The guide hands us two L-shaped metal rods and encourages us to hold them steady as we walk across the front of the church. Yannick and I both have the same experience — when we get to a certain point, the rods seem to come to life, quivering and then swinging to form an X. The guide explains that earth underneath and around the church has been disturbed, possibly for a burial site. Whatever the rods are responding to, it’s eerily fascinating to feel them move.
The original building was expanded in 1835, but the congregation outgrew it again and sold it to a farmer who stored hay in it. The Methodists bought it back in 1912. An anchor of the earliest route served by the denomination’s hardy circuit riders, it is the oldest Methodist building — and one of the oldest churches — in Canada. Old Hay Bay Church functions mainly as a museum, but the National Historic Site hosts an annual church service — the popular August homecoming.
Its history is dominated by the tragic drowning of ten young people who were heading across the bay in August 1819, their Sunday finery dragging them under the water just a few metres from shore. The graveyard across the road marks the terrible incident with wooden posts and a monument amid the graves of other Loyalists and their descendants. We are startled at first to see the names of some family friends engraved on markers they do not yet need, but I can see why they chose this idyllic place for spending eternity.
We thank our guide and drive five minutes south to the spot near present-day Adolphustown, Ontario, where the Loyalists first came ashore. A plaque and a low stone wall commemorate the historic arrival. As we take in the view, I imagine weary Loyalist refugees — who had faced being beaten and tarred and feathered, as well as having their homes and businesses vandalized or worse — clambering out of their boats and sinking to their knees in gratitude for their new home.

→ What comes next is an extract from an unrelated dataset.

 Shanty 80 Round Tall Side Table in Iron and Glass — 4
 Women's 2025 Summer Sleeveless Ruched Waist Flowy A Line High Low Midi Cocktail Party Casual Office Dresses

The importance of these settlers to local history is reflected in the name of the road we follow back west through “The County,” as it is universally known: the Loyalist Parkway. We spend the afternoon happily sampling local cider, cheese, mustard, and more. The pretty villages of Bloomfield, Picton, and Wellington feel overwhelmingly busy after our pastoral morning, so we keep driving, and we note the distinctive architecture that makes the houses look like they’ve been transplanted from Massachusetts or Vermont.
There are many Loyalist stories, from the Black Loyalists given inferior land in Nova Scotia and New Brunswick, despite having fought for Britain, to the Haudenosaunee of the Six Nations who were led by Thayendanegea (Joseph Brant) to southwestern Ontario. But, even though we’ve travelled only a few hours from home, we feel like we’ve added an important piece to our understanding of Canada, thanks to the pastoral peace of the county and the least ostentatious church we’re ever likely to see.
IF YOU GO
GETTING THERE: Old Hay Bay Church is about two and a half hours by car from both Toronto and Ottawa and about an hour west of Kingston, Ontario. Traffic on summer Saturdays can be heavy, especially if you want to tour Prince Edward County.
NEARBY: The brief crossing to “The County” via the Glenora Ferry lands you at Sir John A. Macdonald’s childhood stomping grounds beside mysterious Lake on the Mountain. The lake, whose source is unknown, sits sixty metres above Lake Ontario.
SAMPLE: Once in Prince Edward County, you’ll find an abundance of local food and beverages. (The hipster Toronto influence does have some benefits.) The County Cider Company, Fifth Town artisan cheese, and Cressy Mustard Co. are all worth a stop. Keep an eye out for farm stands reflecting the region’s long agricultural history, as well as bakeries, breweries, and bistros galore.